Neil Lennon has insisted he has no interest in becoming manager of Northern Ireland should current boss Michael O’Neill decide to quit.
Former Hibs midfielder O’Neill is the front-runner to take charge of Scotland following the departure of Gordon Strachan, the SFA having made a formal approach for the 48-year-old who is also high on the wanted list by the United States and English Championship outfit Sunderland.
But while adamant his countryman will make his own decision – and he admitted he’d love to see a manager who “has performed miracles” stay with Northern Ireland – the Easter Road boss insists he won’t be putting his name forward should O’Neill decide the time is right to seek a change of direction.
He said: “I enjoy what I do and I like the day-to-day thing, I’d miss that too much. I don’t think I’m ready for international management. I don’t like the feast or famine aspect to it either.
“You win a couple of games and you are the best thing since sliced bread, you lose a game and the whole world falls around you. It’s just disproportionate from a public perception.
“I like working with the players on a day-to-day basis as well. In international management you get the players once every couple of months and you have to get it right over a specific period of time. I think it’s a very difficult thing to do.”
He isn’t, however, surprised in the slightest that the SFA are now chasing the man who led Northern Ireland into the Euro 2016 finals and narrowly missed out on a place in next summer’s World Cup finals, suffering an aggregate 1-0 defeat by Switzerland in the play-offs thanks to what Lennon described as a “diabolical” penalty decision.
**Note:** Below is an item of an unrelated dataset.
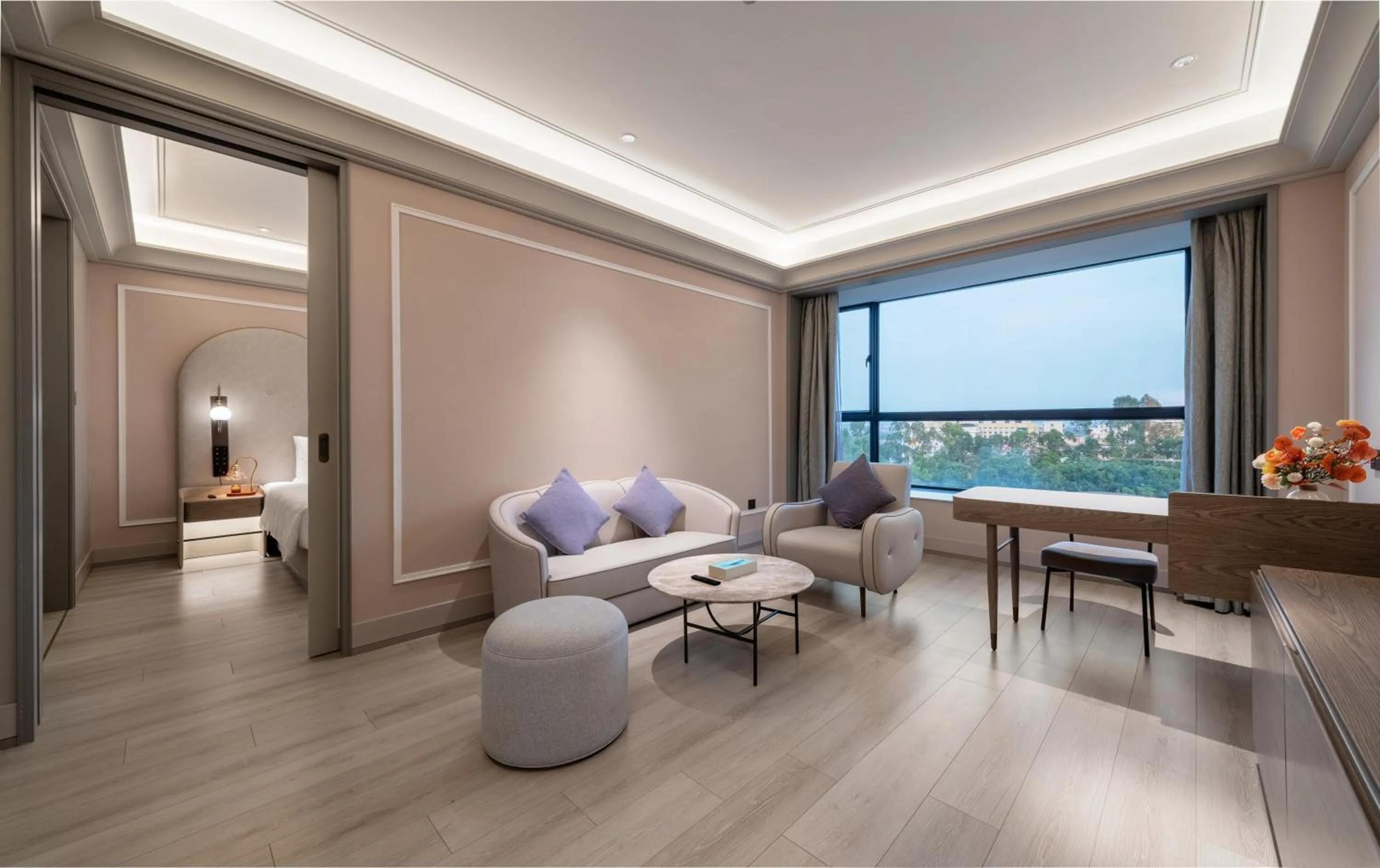 Living room in Mercure Guangzhou Baiyun International Airport - Airport Free Shuttle Bus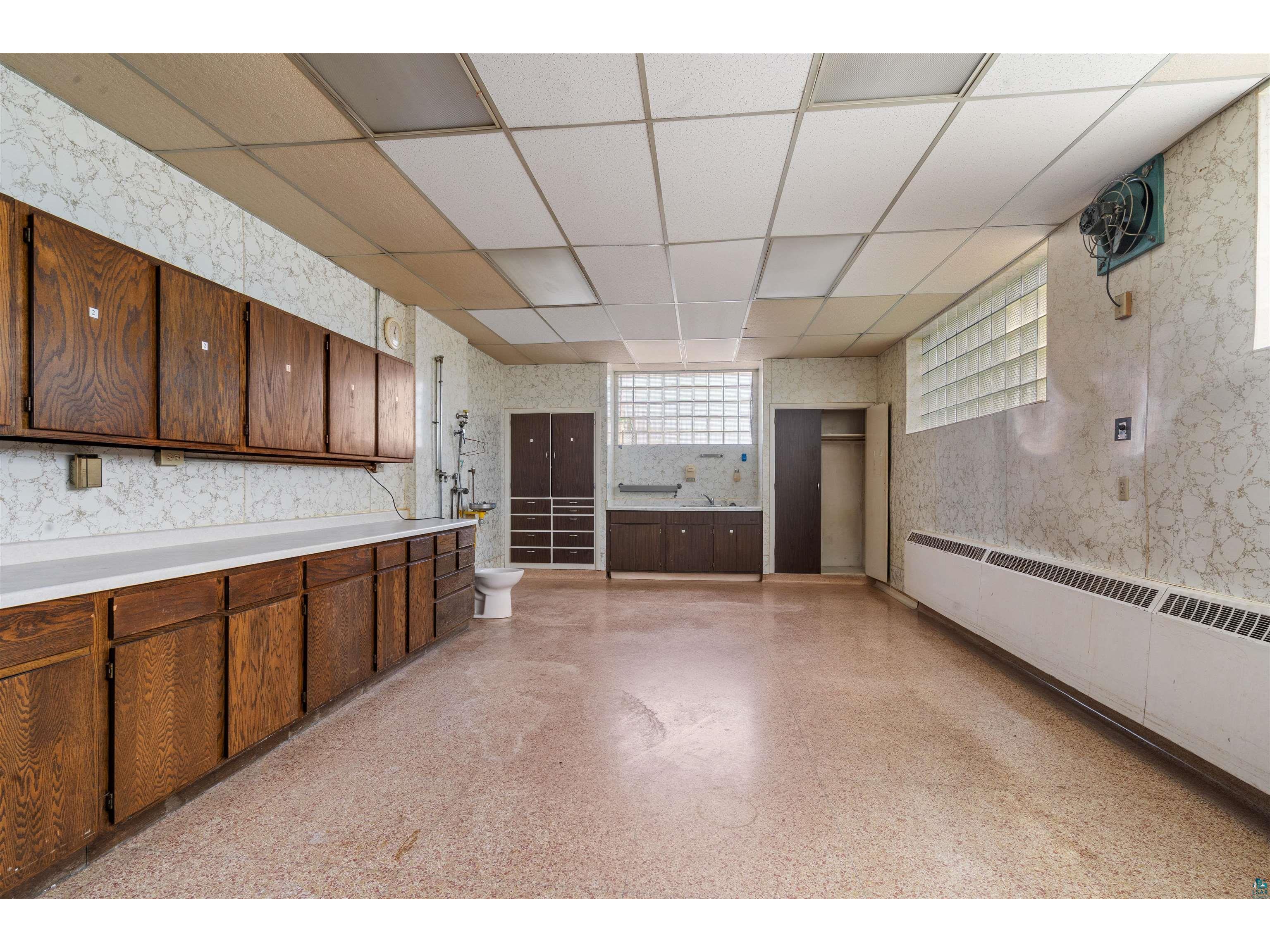 1304 Hammond Ave Superior WI 54880 6126801 image11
Conceding that he felt overall the Swiss were the better team and deserved to go through, Lennon was nevertheless unstinting in his praise for Edinburgh-based O’Neill. He said: Whether he wants to do it or not only Michael can answer that.
“His stock is very high and from a Northern Ireland point of view, I want him to stay on. He may feel he has taken Northern Ireland as far as he can, or that there is more to come.
“It doesn’t surprise me that there is interest in him from elsewhere. Michael has performed miracles. To get to the last 16 or the Euros and then to make the play-offs in a group containing Germany and the Czech Republic was unheard of when I played.
“He does not have a big squad of players, there is not great strength in depth but the players have been magnificent for him as he has got the best out of them. He has them believing and there is great mentality about them.
“Tactically he is very strong, defensively they are well set-up and they became really hard to beat.”
Expressing a belief that at present Scotland are a “young, vibrant international team” with potential while Northern Ireland could be about to enter a transitory phase with a number of players now the wrong side of 30, Lennon said: “Michael is smart and he will make the right decision for him whether that will be moving on or staying.
“He’s quite savvy that way. It’s all about timing too, and if he feels the time is right to move on then that will be his decision.”
He did however, agree that Tommy Wright – boss of St Johnstone, Hibs opponents’ tomorrow and a former Northern Ireland goalkeeper – would be a prime candidate to succeed O’Neill.